Local AI build

alpha754293 · July 11, 2024, 4:46am

My current local AI system is an older platform (Intel Core i7 6700K, Asus Z170-E motherboard, 64 GB DDR4-2400 RAM, 2x Gigabyte 3090s).

At idle, it is sucking back around 70 W.

I was wondering if there might be a more performant CPU/platform out there where when it is waiting for AI requests, that the idle power consumption will be < 70 W, but would still give decent performance when it is answering said AI requests?

i.e. I know that slower processors can be lower power, but that comes at the sacrifice of performance.

I am trying to optimise between performance and power such that it would be the lowest idle power consumption with the minimum loss of performance.

I thought about using mini PCs, but the problem is that a lot of them don’t have multiple PCIe 3.0 x16 slots for my nearly triple-width GPUs, which limits motherboard options.

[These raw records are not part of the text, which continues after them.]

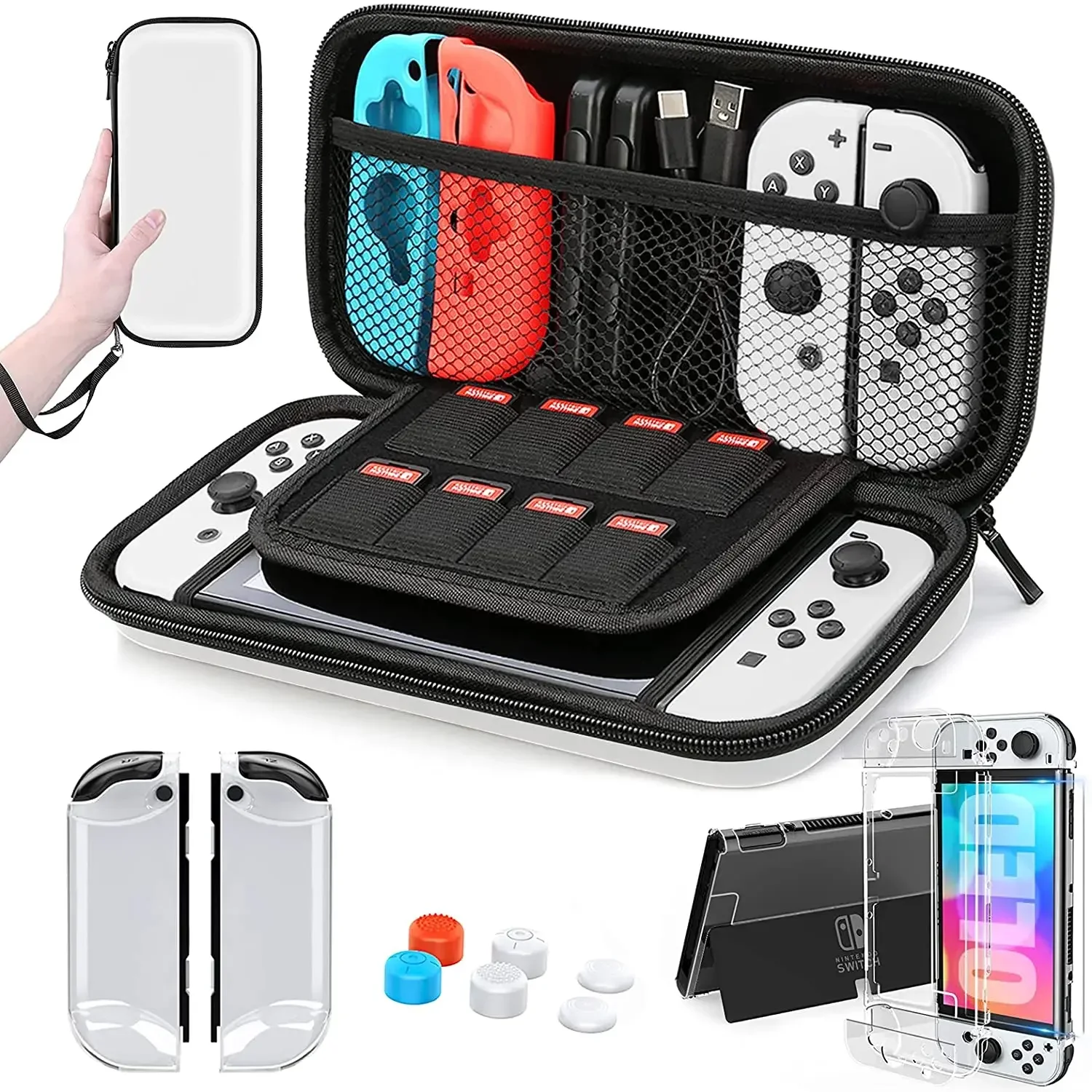 2023 For Switch OLED Model Carrying Case 9 in 1 Accessories Kit for 2022 - £15.25 GBP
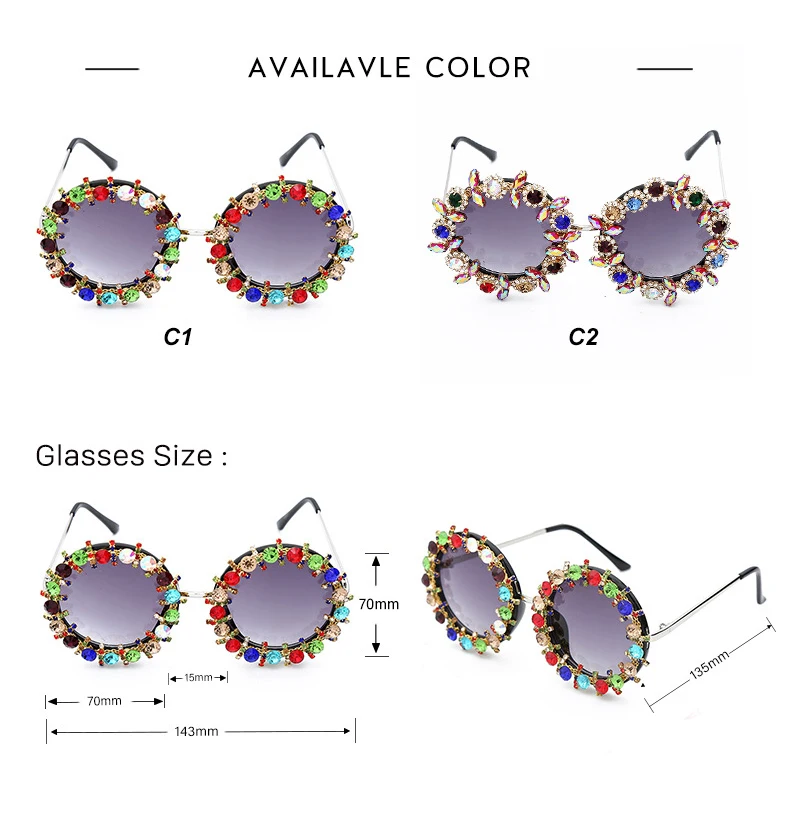RFOLVE, Роскошные, стразы, круглые солнцезащитные очки для женщин,, Ins, популярные, модные, солнцезащитные очки, летние, стиль, для путешествий, UV400, очки RX211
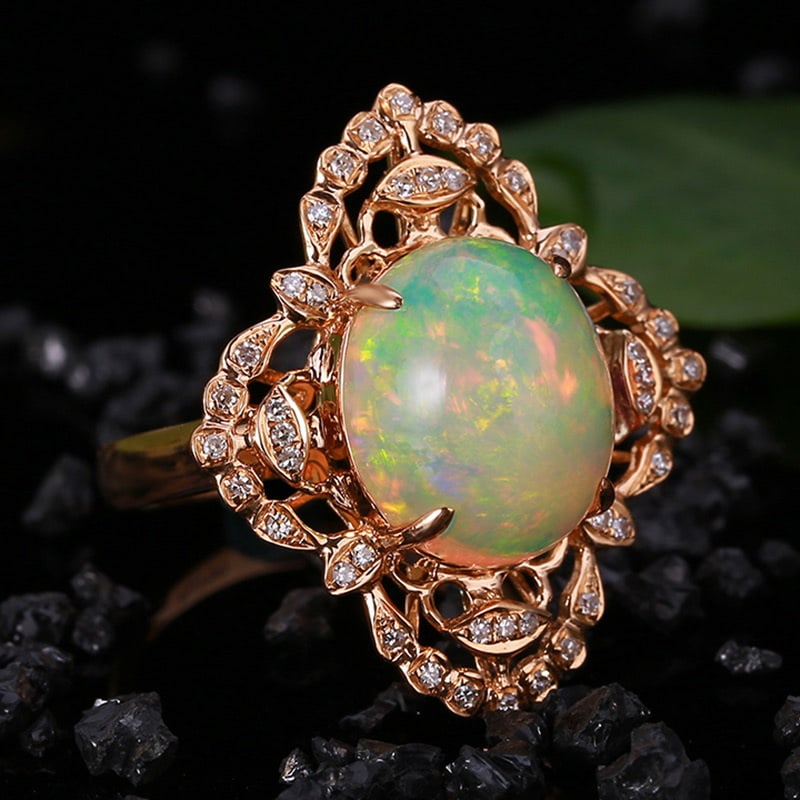 14k Gold 4.78 Ctw Natural Opal & Diamond Ring - 3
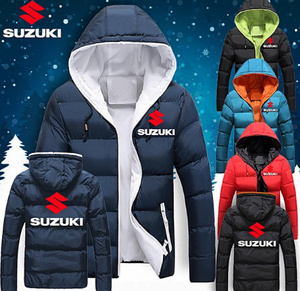 Suzuki GSXR Motorsport Team Men Women Warm Thickening Sports Coat Padded Coat Bubble Coat Parka Zipper Jacket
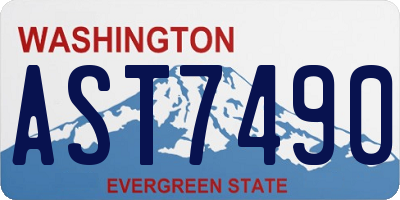 WA license plate AST7490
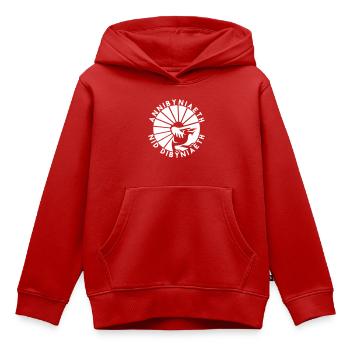 Annibyniaeth Nid Dibyniaeth - Kinder Premium Organic Hoodie - Rot - Vorne - AI Model Kid Female (0cm)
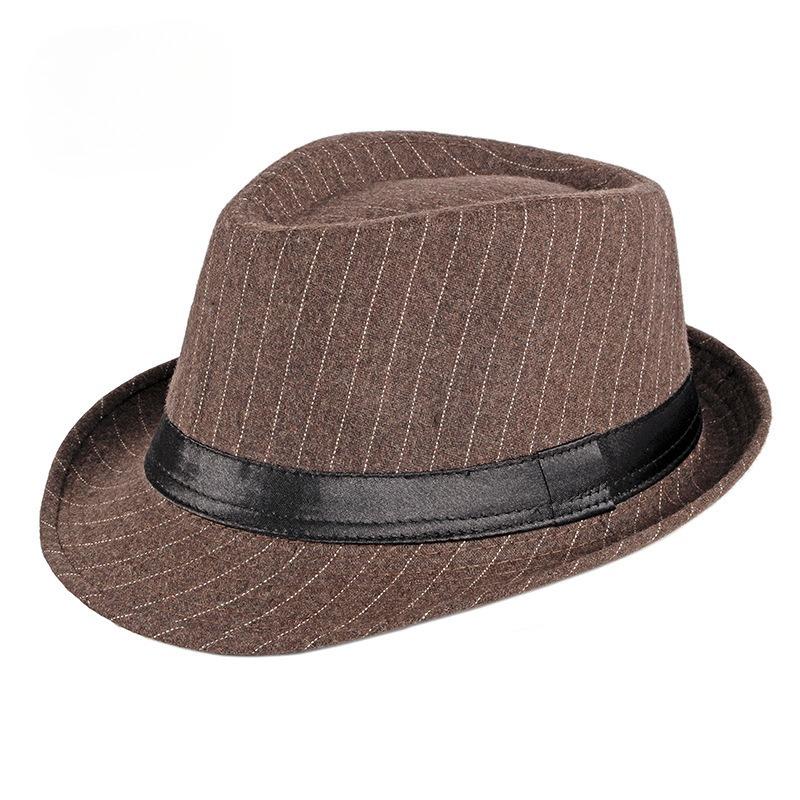 

British Style Striped Fedora Hat for Men Autumn Winter Warm Jazz Hat Vintage Gentleman Trilby Cap Casual Versatile Formal Hat M（56-58cm） темно-коричневого кольору
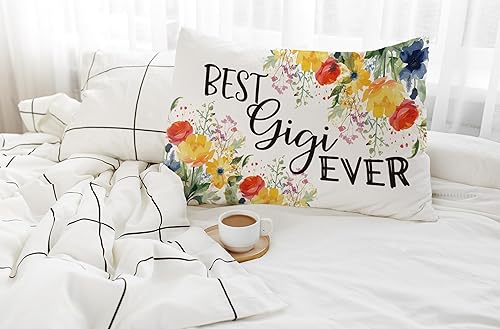 Miniatura 4 de Gigi - Fundas de almohada de 12 x 20 pulgadas, el mejor regalo floral de Gigi para abuela, Nana Gigi, funda de almohada para Navidad, cumpleaños,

Any recommendations will be greatly appreciated.

Thank you.

(For reference, I am using the open-webui and running ollama running the Codestral:22b model, so it’s not super intensive AI workload in terms of responding to AI queries.)

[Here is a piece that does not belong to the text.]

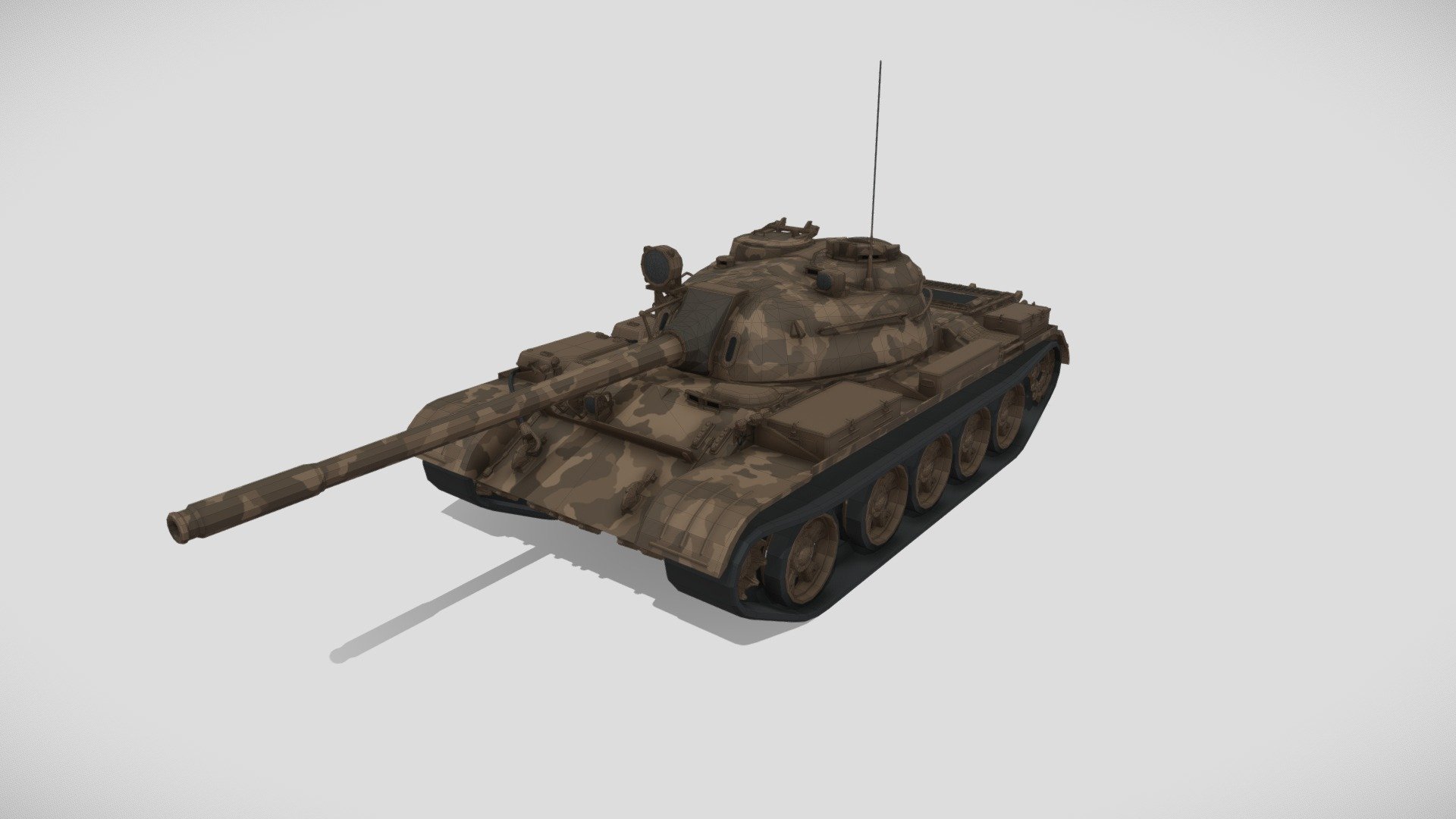 Low poly T-55 - 3D model by Egor Arefyev (@Misixinn) 3d model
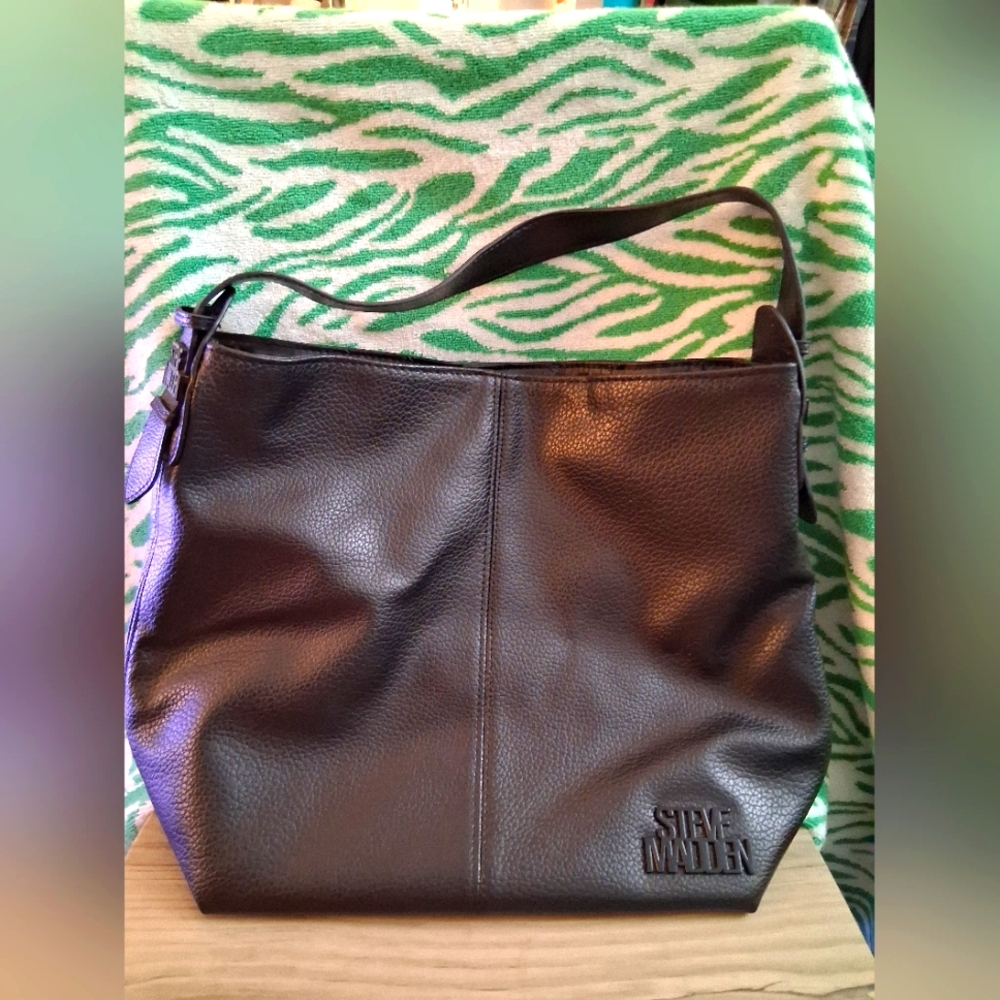 Steve Madden Black Faux Leather Hobo Handbag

drbsg · July 11, 2024, 7:42am

You don’t have a lot of room for manoeuvre here - those 3090s will be idling in the 21-25W range each. That leaves you with a budget of 20-30W for the rest of the system.

progressEdd · July 11, 2024, 8:11am

I was about to suggest the rtx 7000, but then I read the 3090s. Wendell ran a ryzen 7900 on his ai inference rig

But if you are doing most of your inferencing on the GPUs, you can maybe look into Wolfgang’s channel

He did a low power nas build

Unless you were thinking of using the CPU as another potential ai inference hardware? If so, you might want to wait for the desktop equivalent of lunar lake with ai cores

Or for a chinese manufacturer to make a lunar lake desktop board like this

ulzeraj · July 11, 2024, 12:47pm

I suspect even low end modern CPUs will at least get you something closer to the 6700K. And since you are inferencing with GPUs anyway the CPU doesn’t really matter as long as it has the required PCI-E lanes for the 2 GPUs.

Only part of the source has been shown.